---------- INPUT RECORDS

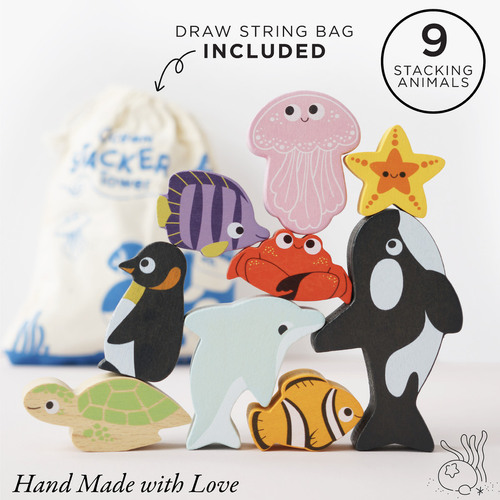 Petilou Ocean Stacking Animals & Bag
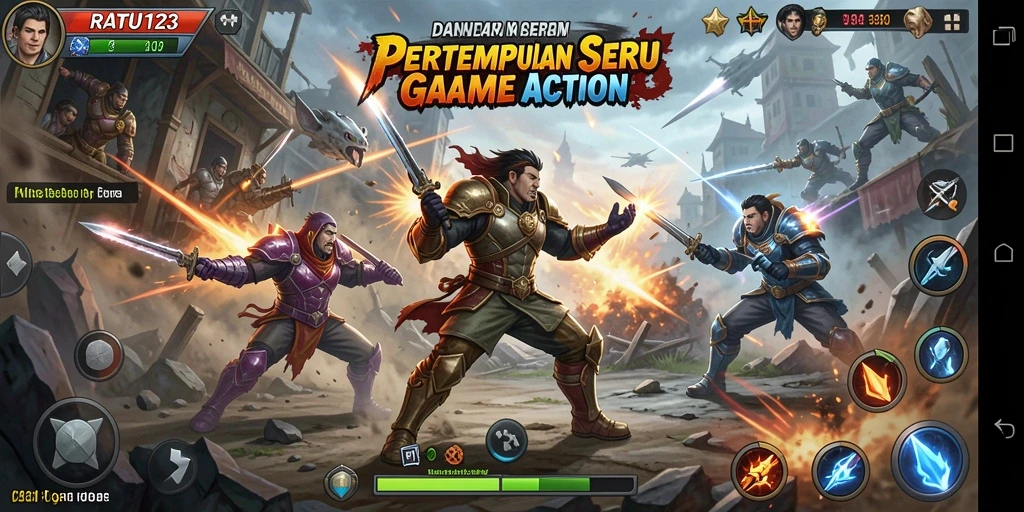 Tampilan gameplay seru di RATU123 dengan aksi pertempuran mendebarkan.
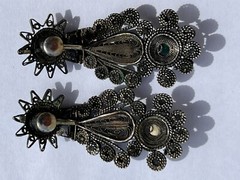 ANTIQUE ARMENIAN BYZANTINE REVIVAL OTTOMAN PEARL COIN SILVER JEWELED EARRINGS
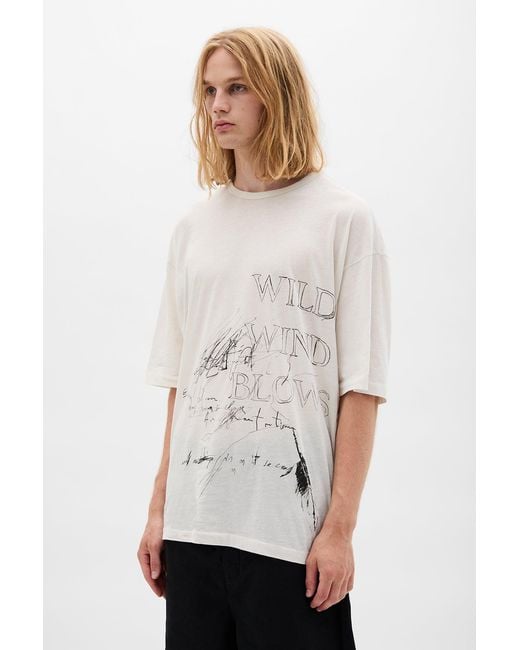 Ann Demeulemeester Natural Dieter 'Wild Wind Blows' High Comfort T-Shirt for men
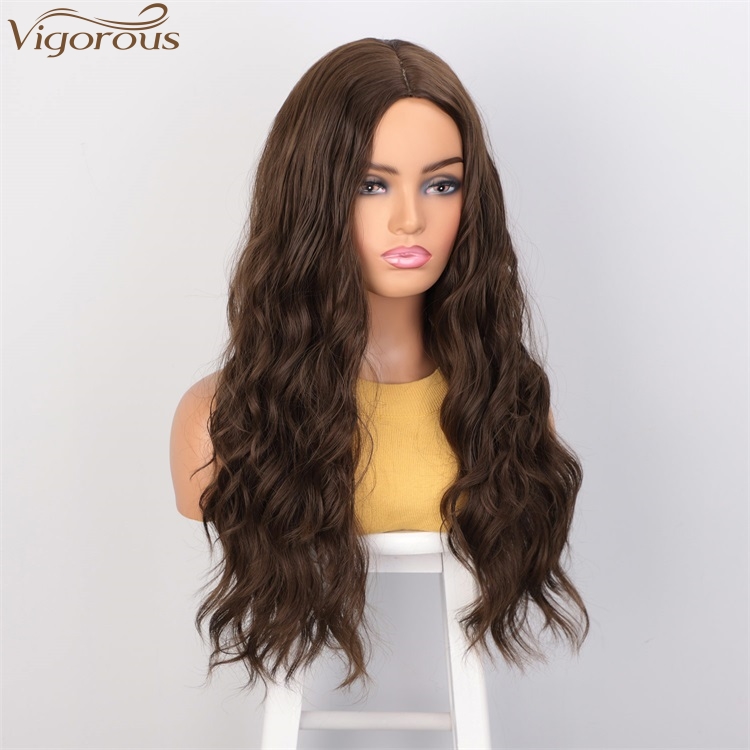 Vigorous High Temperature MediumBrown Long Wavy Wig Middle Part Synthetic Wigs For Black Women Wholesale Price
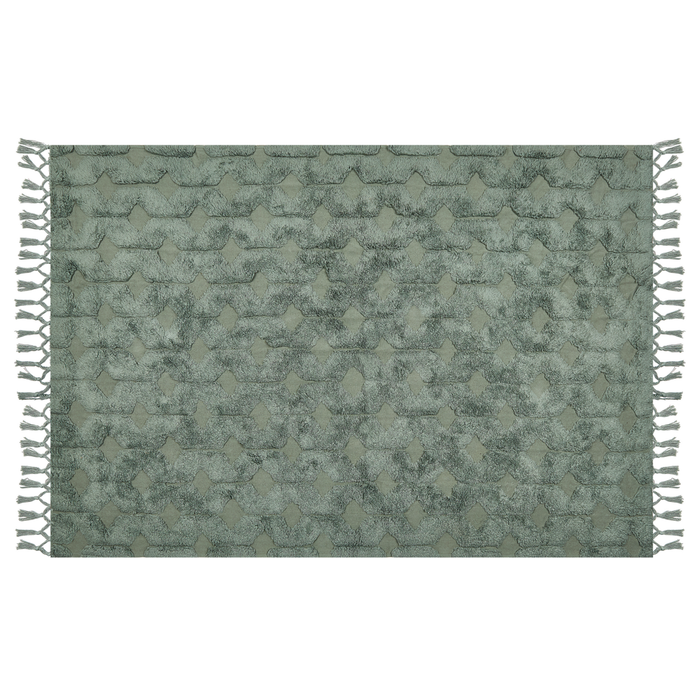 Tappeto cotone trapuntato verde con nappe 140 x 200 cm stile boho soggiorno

--------------------
---------- INPUT RECORDS

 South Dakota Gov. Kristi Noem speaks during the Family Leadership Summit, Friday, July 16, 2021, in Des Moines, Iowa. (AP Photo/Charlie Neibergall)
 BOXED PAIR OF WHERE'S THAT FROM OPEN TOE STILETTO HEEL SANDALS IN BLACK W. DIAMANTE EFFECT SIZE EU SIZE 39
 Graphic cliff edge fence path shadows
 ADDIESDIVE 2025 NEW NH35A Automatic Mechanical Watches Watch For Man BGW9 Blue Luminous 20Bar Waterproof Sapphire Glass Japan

--------------------
---------- INPUT RECORDS

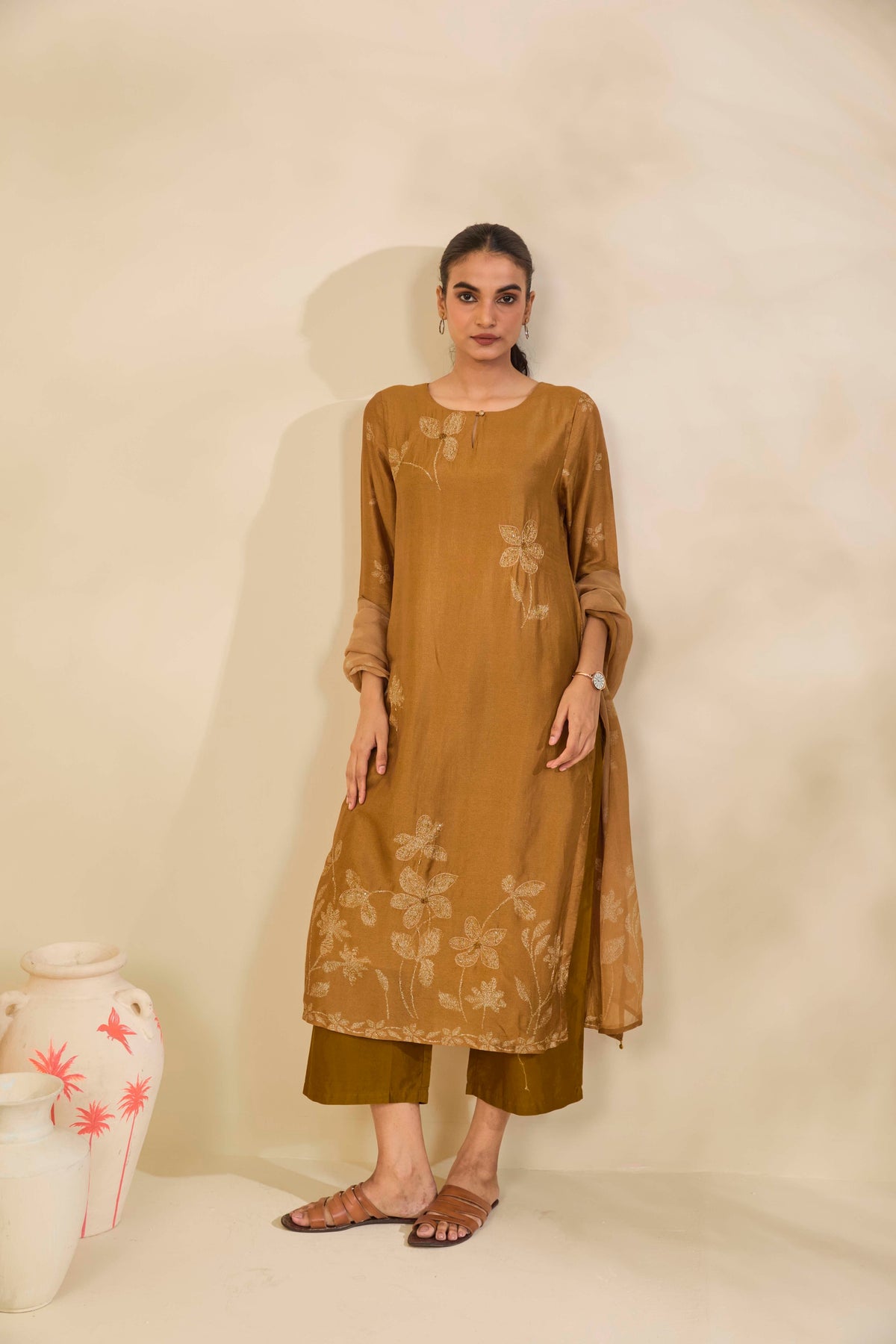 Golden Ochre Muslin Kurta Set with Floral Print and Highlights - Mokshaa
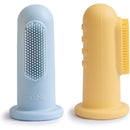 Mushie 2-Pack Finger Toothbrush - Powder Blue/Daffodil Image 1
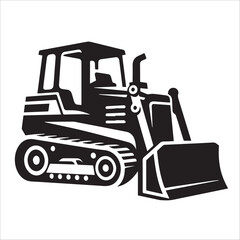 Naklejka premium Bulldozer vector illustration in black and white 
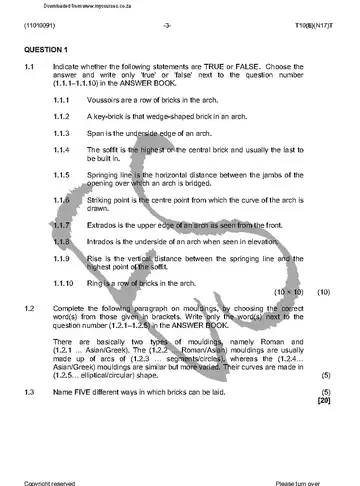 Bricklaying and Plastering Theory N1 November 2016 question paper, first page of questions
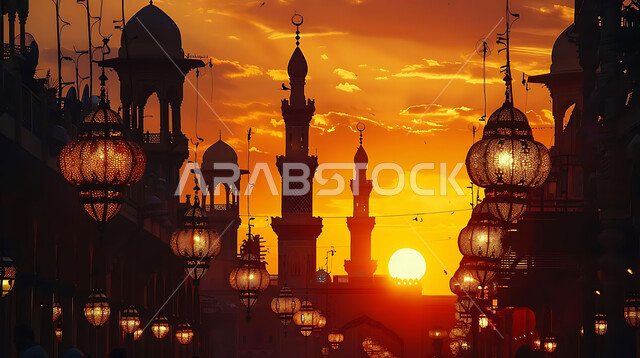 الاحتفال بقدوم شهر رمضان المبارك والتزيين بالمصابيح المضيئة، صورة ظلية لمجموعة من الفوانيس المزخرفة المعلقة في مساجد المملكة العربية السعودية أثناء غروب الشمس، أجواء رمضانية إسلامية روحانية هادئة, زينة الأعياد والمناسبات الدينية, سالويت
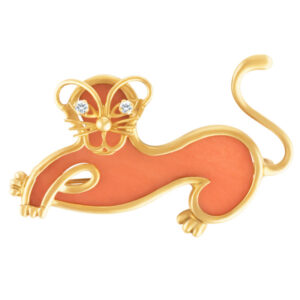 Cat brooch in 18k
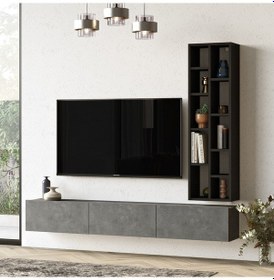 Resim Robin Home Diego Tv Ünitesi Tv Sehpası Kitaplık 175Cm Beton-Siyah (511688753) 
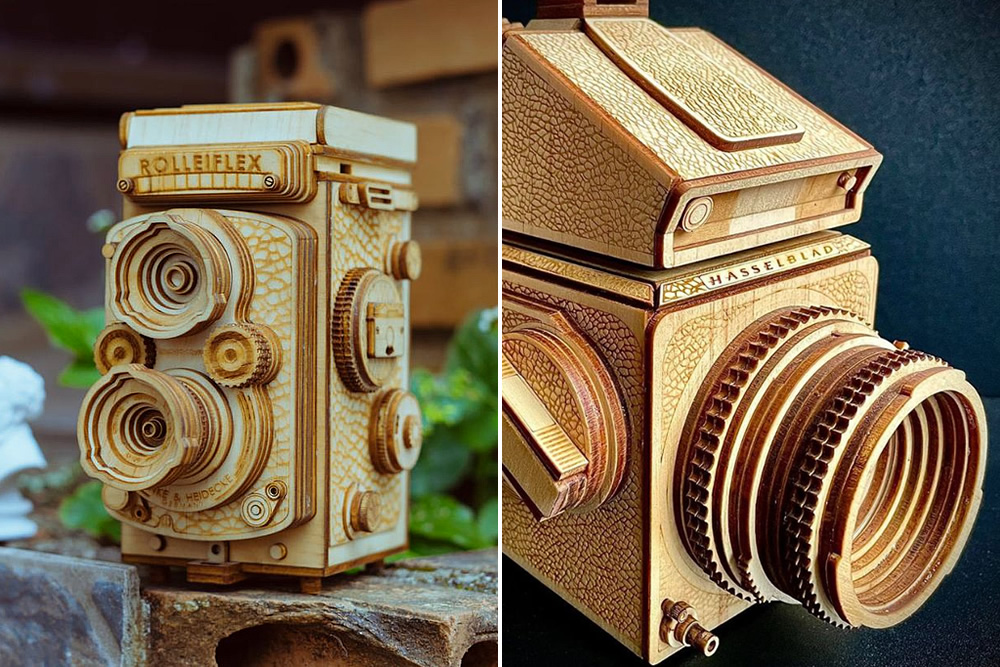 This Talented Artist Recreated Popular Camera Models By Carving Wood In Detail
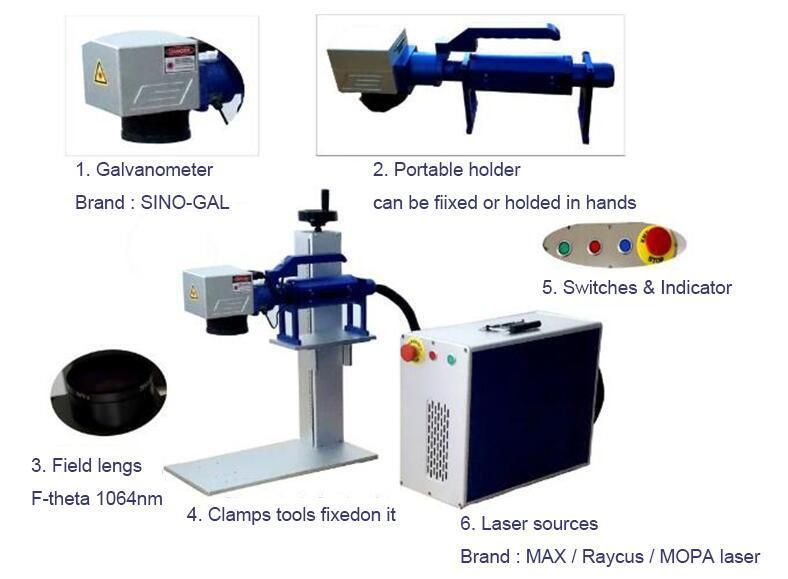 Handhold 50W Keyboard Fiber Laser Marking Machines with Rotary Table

--------------------

Set down only the lines above that fall between the line holding "Graphic cliff edge fence path shadows" and the line holding "ADDIESDIVE 2025 NEW", inclusive, keeping each exact.

 Graphic cliff edge fence path shadows
 ADDIESDIVE 2025 NEW NH35A Automatic Mechanical Watches Watch For Man BGW9 Blue Luminous 20Bar Waterproof Sapphire Glass Japan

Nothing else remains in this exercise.